Traffic calming in Lower Burns Park neighborhood proposed

By Edward Vielmetti

Neighbors in the Lower Burns Park area are organizing to put in traffic calming along Golden, East Park, White, Henry and Granger Streets, based on concerns that detours from East Stadium bridge construction will divert traffic into their neighborhood.

Golden Avenue is likely to be an unofficial detour route for traffic rerouted by planned construction on the East Stadium bridge over State Street scheduled for Nov. 15-17. The official signed detour will take traffic all the way down Stadium to Packard, and locals who can figure out the one way streets in that neighborhood can and do regularly drive through rather than take the long way around. Those who don't figure out the one way streets sometimes go the wrong way.

Traffic calming - the introduction of speed bumps, bump-outs, or other traffic measures to reduce traffic speed and flow - is managed in the City of Ann Arbor by the Project Management Unit in the Public Services division. The Traffic Calming page maintained by the city provides links to a traffic calming guidebook, program progress by street, a PDF with a petition to start, qualifications for streets to be eligible for the program and tools for traffic calming.

Patrick Cawley is the project manager for the City of Ann Arbor's traffic calming projects; he was not available for comment at the time this story was written. Look for updates as this story is edited on Wednesday.
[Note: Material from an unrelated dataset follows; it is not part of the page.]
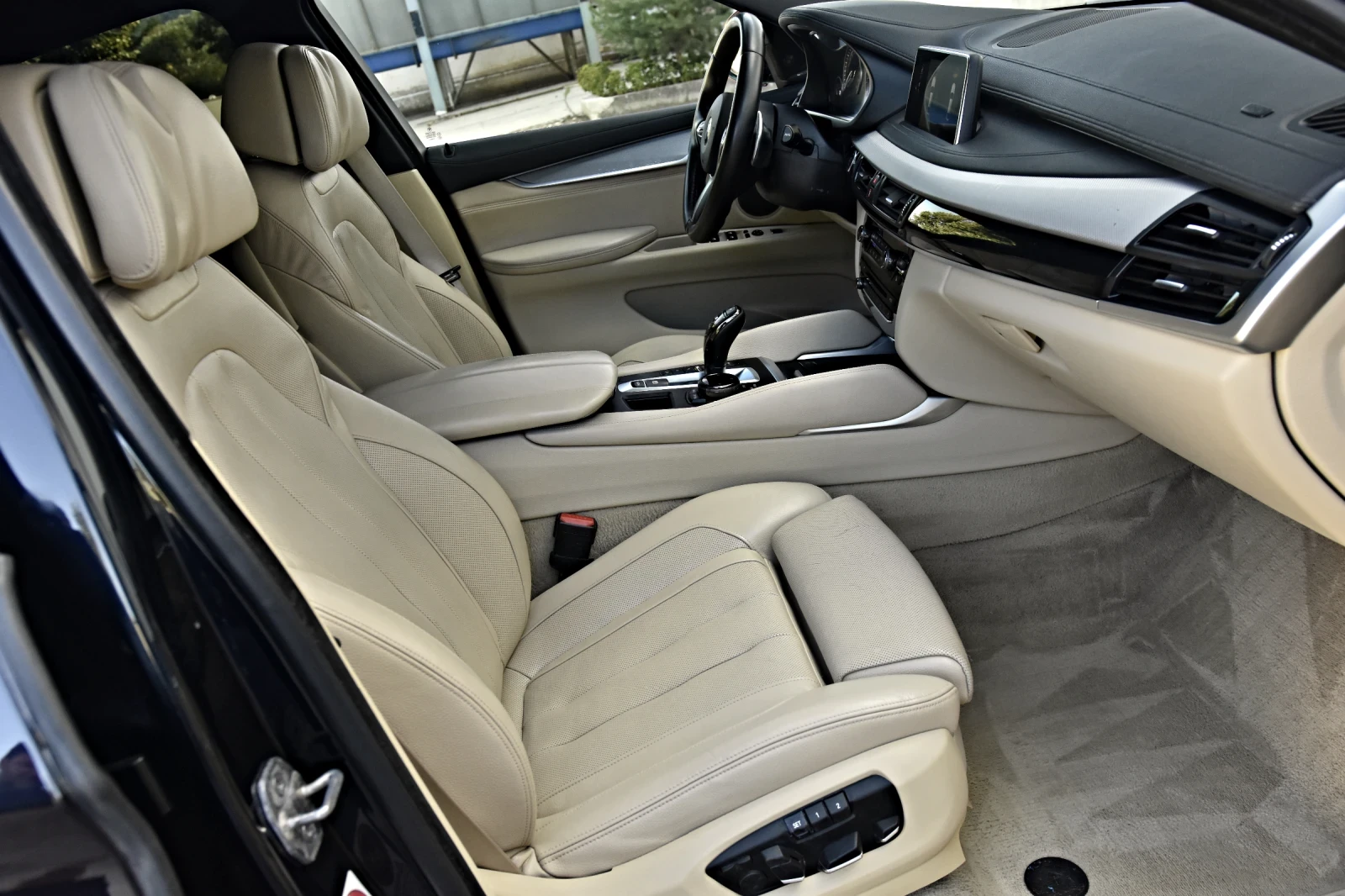 BMW X6 M50D xDrive 360 M-Paket LASER H/K MAXTON DESING, снимка 14 - Автомобили и джипове - 56064025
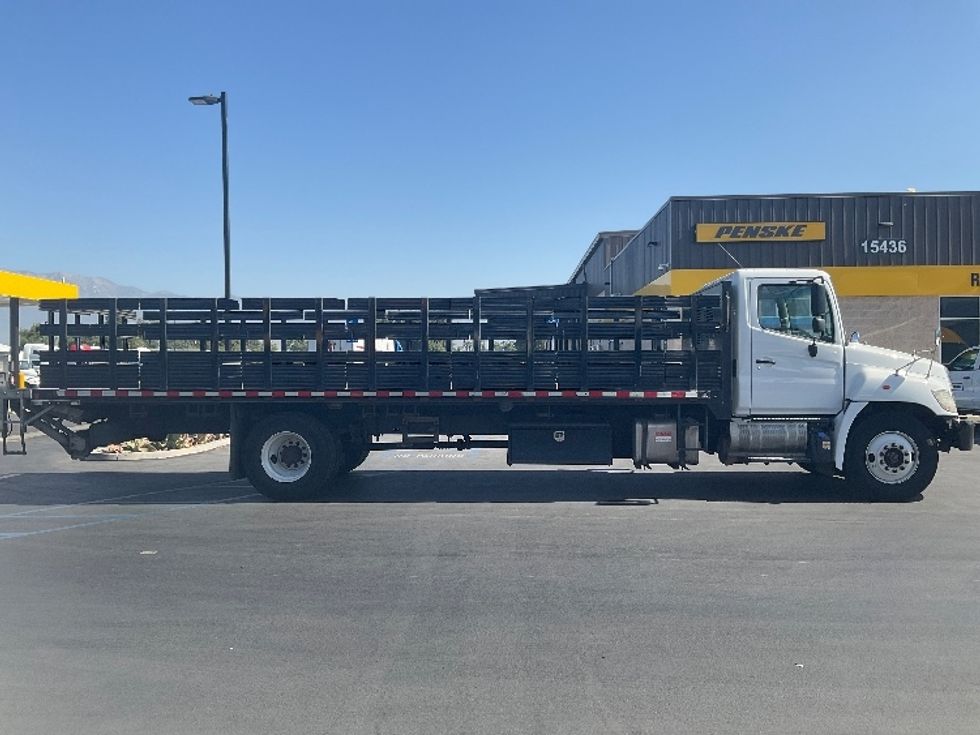 Flatbed Truck-Light and Medium Duty Trucks-Hino-2018-268-Montebello-CA-309,323\n\t\tmiles-$ 31,750 - Image 15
Edward Vielmetti walks through neighborhoods for He tries to remain calm when cars go the wrong way down Golden.


just a citizen

Sun, Dec 19, 2010 : 9:49 p.m.

Add bumps and other unexpected obstacles on the detour streets, and then add drive-time motorists who have been unexpectedly channeled into unfamiliar territory. This is a recipe for INCREASED hazards. As they look around for the next detour sign, trying to figure where they are and how they are going to get where they are going, they will also be speeding up and slowing down at obstacles - some will nearly come to a stop, while others won't. Believe me, I have witnessed this REPEATEDLY. I have a bump in front of my house. I routinely see cars come to a nearly a full stop, causing a car following behind them - one that wasn't expecting a car in front of them to come to a full stop at mid-block - nearly climb up the bumper of the car in front. Add this confusion and unpredictable behavior to hundreds of detoured vehicles per day, throw in a few distracted people making calls on their mobile phones, and you have a recipe for accidents and injuries.


Wed, Nov 4, 2009 : 12:46 p.m.

Do whatever it takes to correct the wrong-way drivers, but please don't add any more speed bumps to city streets. I don't know what it's like living on these particular streets, but I do know what it's like trying to drive on nearby streets with speed bumps (or "speed humps"). They don't just prevent people from speeding; they impair travel at the posted speed. King George, Jewett, Rosewood - exceed 10 MPH at your own risk (and your car's). Sudden braking required when approaching these things invites accidents. Repeated braking and acceleration wastes fuel. There are speeders on my residential street in Ypsilanti, and I would be just as circumspect toward proposed "traffic calming" measures there.